I’ve often found myself counseling them about the true nature of our field. We aren’t engineers, we are craftspeople. Why do we choose to use one approach over another in this specific case? Why are we using this framework instead of the other one that solves a similar issue? Why don’t we use several frameworks to solve the same feature across our codebase, or why do we?

Software engineering isn’t about the correct answer, it’s about the right answer for the circumstances. It’s a judgement call, based on our experience, based on reading between the lines of a requirements doc.

I’ve had engineers who had the impression that, since they already had a degree from a prestigious school, they knew all there was to know about our craft. The paper hanging on the wall meant they didn’t need to keep honing their craft. But, just like the sculptor or painter, each project we work on, each module or method we write, elevates our skill in the craft of software wrangling. Banging our heads because we can’t seem to get the code to work & we are unsure why it’s not working as intended. Each code review, where senior developers share feedback on why something could be a problem or won’t work as expected, is an apprenticeship, where our real learning begins. We learn not from our triumphs, but from our failures and our blind spots that burn us later.

There isn’t instant gratification of that skill. We don’t press a button and earn the ability to see all these patterns and make decisions based on what we see. It takes practice, with hundreds and thousands of “at-bats”, that guide our comprehension. Where you can get to the point that you can scan through code, and just from the indents forming a shape, you can identify where there may be issues in the code.
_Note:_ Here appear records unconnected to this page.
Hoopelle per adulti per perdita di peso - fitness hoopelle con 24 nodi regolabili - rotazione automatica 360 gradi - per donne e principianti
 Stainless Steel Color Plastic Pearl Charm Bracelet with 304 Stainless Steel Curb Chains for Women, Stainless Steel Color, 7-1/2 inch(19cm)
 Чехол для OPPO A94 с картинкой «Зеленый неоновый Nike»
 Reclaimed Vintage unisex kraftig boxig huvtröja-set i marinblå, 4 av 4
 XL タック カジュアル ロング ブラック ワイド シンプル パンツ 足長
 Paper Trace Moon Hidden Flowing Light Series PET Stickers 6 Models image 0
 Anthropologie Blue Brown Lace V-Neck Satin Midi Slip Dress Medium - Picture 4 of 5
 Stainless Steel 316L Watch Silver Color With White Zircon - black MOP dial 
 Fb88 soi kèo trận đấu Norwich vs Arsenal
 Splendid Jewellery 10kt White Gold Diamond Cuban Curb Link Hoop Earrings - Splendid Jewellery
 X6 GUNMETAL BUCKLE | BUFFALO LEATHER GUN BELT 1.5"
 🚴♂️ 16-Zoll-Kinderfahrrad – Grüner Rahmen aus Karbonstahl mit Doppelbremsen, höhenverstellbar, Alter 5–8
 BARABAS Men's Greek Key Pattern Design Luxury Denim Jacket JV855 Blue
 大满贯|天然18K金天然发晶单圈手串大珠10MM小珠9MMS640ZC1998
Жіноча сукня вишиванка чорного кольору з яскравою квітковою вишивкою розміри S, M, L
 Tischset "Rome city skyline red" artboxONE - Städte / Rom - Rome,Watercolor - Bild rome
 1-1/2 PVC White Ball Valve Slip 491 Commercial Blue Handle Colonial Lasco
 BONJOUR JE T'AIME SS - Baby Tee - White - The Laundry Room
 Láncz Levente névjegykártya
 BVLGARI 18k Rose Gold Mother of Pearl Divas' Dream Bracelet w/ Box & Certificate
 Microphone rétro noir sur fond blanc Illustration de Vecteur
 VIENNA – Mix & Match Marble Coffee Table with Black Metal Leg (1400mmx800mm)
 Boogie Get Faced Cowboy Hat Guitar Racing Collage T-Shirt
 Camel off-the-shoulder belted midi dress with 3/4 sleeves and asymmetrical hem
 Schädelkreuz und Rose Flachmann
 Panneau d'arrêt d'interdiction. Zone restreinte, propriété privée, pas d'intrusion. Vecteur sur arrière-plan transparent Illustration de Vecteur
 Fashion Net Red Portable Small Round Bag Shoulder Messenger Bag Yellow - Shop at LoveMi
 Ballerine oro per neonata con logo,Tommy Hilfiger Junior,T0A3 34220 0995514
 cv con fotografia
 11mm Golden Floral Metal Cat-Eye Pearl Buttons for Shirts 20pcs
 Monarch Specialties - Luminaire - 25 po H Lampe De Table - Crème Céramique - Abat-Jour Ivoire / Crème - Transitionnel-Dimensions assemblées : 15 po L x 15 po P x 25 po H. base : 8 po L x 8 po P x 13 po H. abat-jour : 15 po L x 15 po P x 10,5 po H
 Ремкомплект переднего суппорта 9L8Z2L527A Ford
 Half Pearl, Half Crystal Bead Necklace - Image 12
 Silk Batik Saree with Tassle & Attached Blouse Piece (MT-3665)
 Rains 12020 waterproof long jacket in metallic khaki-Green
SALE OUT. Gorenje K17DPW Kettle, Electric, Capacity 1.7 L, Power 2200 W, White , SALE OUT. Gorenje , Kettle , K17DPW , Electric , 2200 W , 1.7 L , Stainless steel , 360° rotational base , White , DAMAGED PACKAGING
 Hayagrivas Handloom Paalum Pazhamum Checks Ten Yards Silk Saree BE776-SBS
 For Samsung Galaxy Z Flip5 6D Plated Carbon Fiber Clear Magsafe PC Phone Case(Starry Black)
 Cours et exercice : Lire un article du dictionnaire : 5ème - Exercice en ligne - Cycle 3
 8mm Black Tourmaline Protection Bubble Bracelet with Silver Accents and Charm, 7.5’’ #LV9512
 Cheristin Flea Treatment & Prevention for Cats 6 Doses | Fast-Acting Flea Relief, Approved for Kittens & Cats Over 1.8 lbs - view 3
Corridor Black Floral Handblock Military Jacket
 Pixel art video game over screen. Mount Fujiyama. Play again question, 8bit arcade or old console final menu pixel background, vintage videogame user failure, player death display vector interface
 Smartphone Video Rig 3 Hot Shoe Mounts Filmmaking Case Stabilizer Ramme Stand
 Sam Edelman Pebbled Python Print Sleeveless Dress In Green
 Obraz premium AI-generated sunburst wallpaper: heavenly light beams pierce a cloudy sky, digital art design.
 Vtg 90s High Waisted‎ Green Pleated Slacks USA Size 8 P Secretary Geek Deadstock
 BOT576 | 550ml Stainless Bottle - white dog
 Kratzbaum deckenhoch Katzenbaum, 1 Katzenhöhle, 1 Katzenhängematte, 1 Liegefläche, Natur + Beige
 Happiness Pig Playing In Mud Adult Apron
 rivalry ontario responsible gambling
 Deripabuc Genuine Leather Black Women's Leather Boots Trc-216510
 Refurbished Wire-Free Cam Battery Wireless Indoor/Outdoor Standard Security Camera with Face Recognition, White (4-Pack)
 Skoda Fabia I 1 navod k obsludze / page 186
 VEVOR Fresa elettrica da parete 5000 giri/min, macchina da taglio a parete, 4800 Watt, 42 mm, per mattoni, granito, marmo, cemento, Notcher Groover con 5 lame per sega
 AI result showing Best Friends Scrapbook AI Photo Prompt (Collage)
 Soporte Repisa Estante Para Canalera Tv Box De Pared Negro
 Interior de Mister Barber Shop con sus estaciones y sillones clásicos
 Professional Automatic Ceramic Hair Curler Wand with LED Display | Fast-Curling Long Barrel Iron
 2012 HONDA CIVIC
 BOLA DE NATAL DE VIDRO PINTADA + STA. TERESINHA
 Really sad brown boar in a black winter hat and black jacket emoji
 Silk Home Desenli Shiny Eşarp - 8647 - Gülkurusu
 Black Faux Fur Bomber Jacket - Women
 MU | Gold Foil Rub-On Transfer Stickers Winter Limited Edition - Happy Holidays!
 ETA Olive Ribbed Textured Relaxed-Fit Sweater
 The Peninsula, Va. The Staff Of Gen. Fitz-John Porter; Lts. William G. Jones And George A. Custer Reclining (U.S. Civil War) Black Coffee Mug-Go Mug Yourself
Today, everyone is enamored with using AI to help us code. It feels like that “easy button” where it takes over the grunt work of typing. We act more on autopilot, handing the reins off to the machine to understand what we want. But, the AI doesn’t have the same hard-earned craftsmanship that teaches us why we approach the problem in a certain way. AI is very good at examining thousands, or even millions, of examples of working code to produce a reasonable facsimile for your needs. It can produce the what, but since it never learned about the failures, it never learned through all the late nights of no progress, and it has no knowledge of the why.

Don’t give up on the real learning opportunites that coding can provide to you. AI is but a tool and it can even undermine your skills as a software developer. Remember that craft is untouchable.